American attention has drifted somewhat from the war to domestic concerns, which makes it easy to overlook that what’s unfolding in Ukraine is one of the deadlier conflicts of the past 200 years. That it is a “mere” proxy war, rather than a clash between two great powers, also tends to obscure its scale. But the rate at which soldiers are dying is already significantly higher than in the typical war of the modern era — and both sides are digging in, meaning it will steadily climb the list of conflicts that have caused the most overall fatalities.
The Ukrainian war may seem minor next to the two world wars of the 20th century, which killed tens of millions of soldiers and civilians.
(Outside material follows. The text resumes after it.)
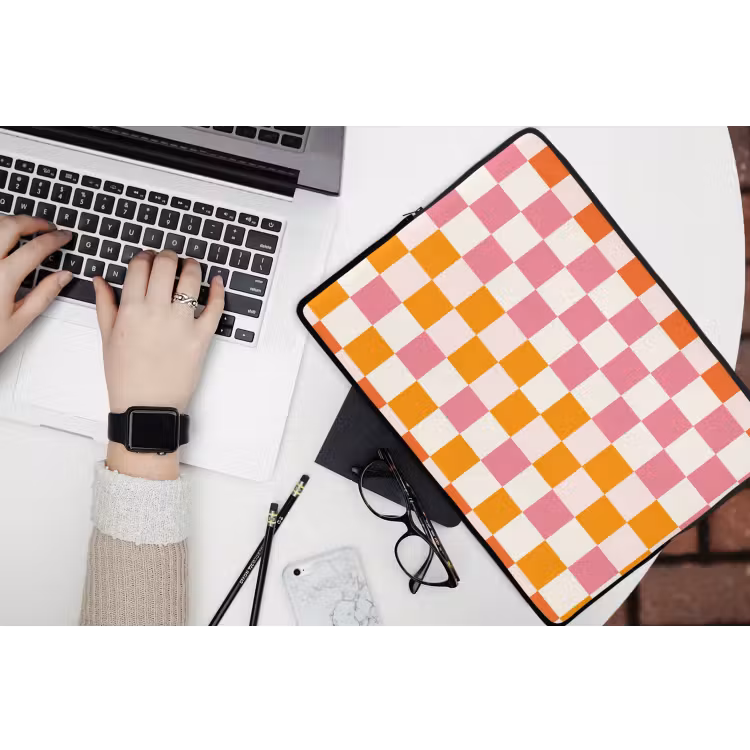 Vierkant - Patroon - Oranje laptophoes neopreen klein 279 -bureau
But those are extreme outliers that skew our understanding of international conflict. The Correlates of War Project, an academic enterprise with data extending back to 1816, offers a more comprehensive picture. The project defines war as sustained combat between organized armed forces of different states that results in at least 1,000 battlefield deaths in a 12-month period. The average war, according to the project, has killed about 50 soldiers per day and lasted about 100 days.
The top 25 percent of wars, in terms of intensity, witness just over 200 battlefield deaths per day, according to the project’s data. The Russia-Ukraine war already passes that threshold, even using conservative estimates of fatalities.
In late May, British intelligence officials estimated that the Russians had lost 15,000 soldiers, which equated to slightly more than 150 a day (Ukraine said the Russian figure was double that; undisputed figures are hard to come by). Ukraine’s government, meanwhile, admits to losing 200 soldiers a day. Ukrainian military losses alone push the war into the top quartile of intensity. (This metric of war intensity does not take into account civilian deaths, but these have clearly been above average in Ukraine as well, given Russia’s indiscriminate shelling of cities.)
The Russia-Ukraine war has already surpassed the length of the average war since 1816 (again, 100 days). And far from showing signs of winding down, every indication points to drawn-out hostilities. Russia, for its part, appears willing to suffer heavy losses to make military gains (an approach consistent with that nation’s history of warfighting). And while Ukraine is overmatched in troops and materiel, factors that might ordinarily shorten a war, it is receiving a continual supply of weapons and ammunition from outside powers (mostly NATO). This combination of factors has bred a war of attrition characterized by sustained long-range bombardment and intermittent high-intensity offensives. Wars of attrition tend to be long wars.
Whatever its goals at the start, Russia is now consolidating its hold on land in the south and east of the country. Yet Ukraine has declared that it wants to fully expel Russia from those areas. Dislodging an army that has seized territory is a difficult task that can impose significant costs on the counterattacking side. To be clear, this is not a call for Ukraine to moderate its aims; Ukraine’s goals are for it to decide. Nor is this an argument to offer Russian President Vladimir Putin an “off-ramp” that he may not accept in any case. But it is a warning for everyone watching the war to brace for a protracted, sanguinary conflict.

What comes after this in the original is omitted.